I have four core issues with this work. One flaw I find with it is that Lott creates his ratio of “undocumented crimes” by using estimates of the undocumented immigrant population in Arizona with actual convictions of undocumented immigrants in that state. If there are more undocumented in AZ than estimated, it throws off his ratios.  The main challenge of studying undocumented immigrants is the difficulty inherent in counting populations that don’t want to be counted.  In fact, Lott cites this as a key problem with earlier research.  Nonetheless, he’s using estimates as his denominator.  This might be the best he can do in terms of getting numbers, but it does render the rest of the data questionable.

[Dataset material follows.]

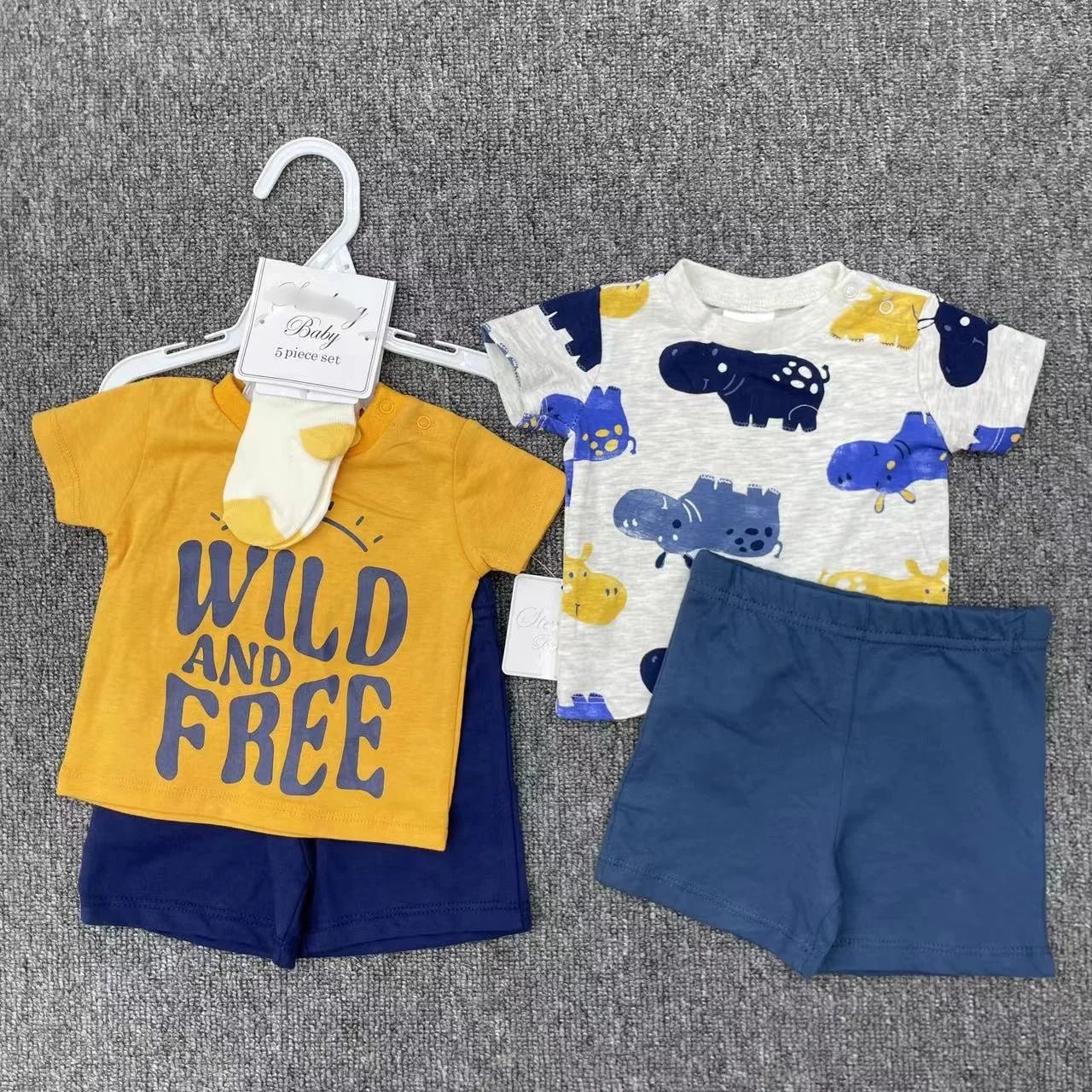 Baby Boy Outfit Set – T-Shirts, Shorts & Socks - Little Sprouts & Co. DeMaMa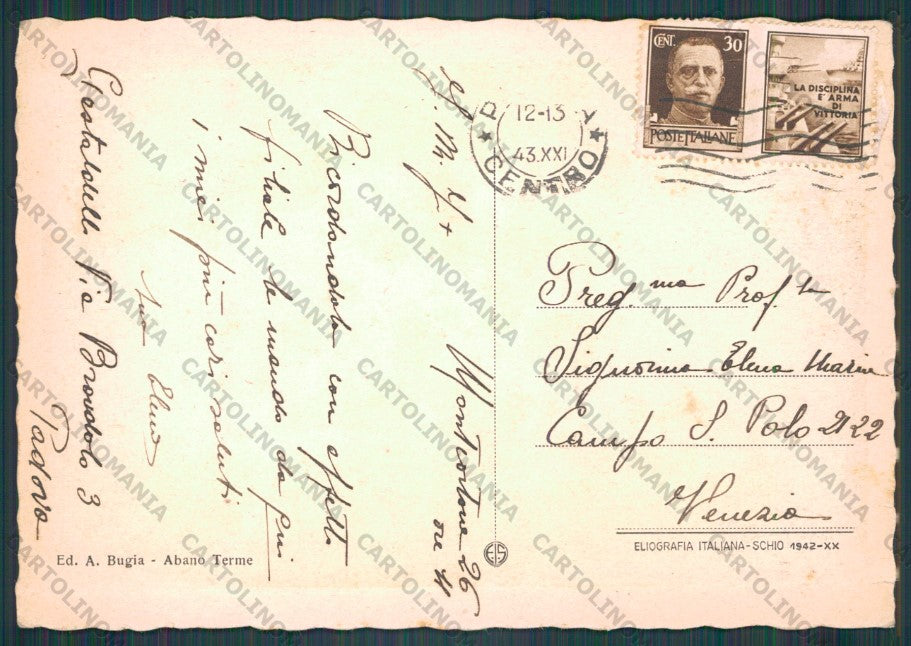 Padova Abano Terme Tram PIEGATA STRAPPINO FG cartolina VK2670 – retro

Second, Arizona seems like the “best case scenario” if you want to paint a group as criminally minded.  As the most porous part of the southern border, it has become a flashpoint for drugs, trafficking, etc., so it may be the best case study to pick if you want to paint undocumented people as prone to criminality. If you replicated this study in California or Texas, you’d probably get wildly different results.

Third, I’m puzzled that Lott is presenting descriptive statistics with no effort at more rigorous causal statistical analysis.  Why no inferential study? Lott presents ratios with little control for third-party effects and little context (so if 1 out of 100 citizens are convicted of armed robbery but 2 out of 100 undocumented immigrants are convicted of armed robbery, then undocumented immigrants are 100 percent more likely to commit crimes than citizens. He does control for age (sort of), but why not do a multivariate analysis so you can control for more factors like income or educational attainment or any other typical predictors of crime rates.  This might be because of the limitations of his data, but without some kind of hypothesis testing, we really don’t know what we have here.

The final thing that stick with me is why “documented immigrants” are below average in committing crimes but documented immigrants are way more prone to engage in illegality.  One would presume that these populations aren’t significantly different (other than the minority of actual criminals crossing the border that no one would deny is true). What’s the theory that explains this? Are undocumented immigrants drawn from a different pool than documented immigrants? Doesn’t this challenge the notion that legal immigration needs to be reduced?

Without addressing these concerns, the study gives the veneer of “science” as possible cover for discriminatory views (whether that is the study’s intent or not).  It worries me that I haven’t seen anyone take on this work, not because it isn’t flawed, but because people just want to dismiss the author as “tainted.” To me, that is a cop-out. This study is all over conservative media and in a democratic society, we owe each other the benefit of the doubt (even if that isn’t always reciprocated). I get where restrictionists are coming from. Social cohesion is an important element of a democratic society and immigration has the potential to undermine that cohesion (although I have much more faith in the American project’s ability to incorporate people under American ideals). I have my doubts about the veracity of this data, but I’m open to having my mind changed on the subject, even if I’m squarely on the side that immigrants (undocumented or documented) are an important driver of growth and progress in this society.

Correction: Lott does include a logistic regression analysis in one of the appendices of the paper, but he doesn’t appear to discuss it in the text of the paper.

Jose Marichal is a professor of political science at California Lutheran University.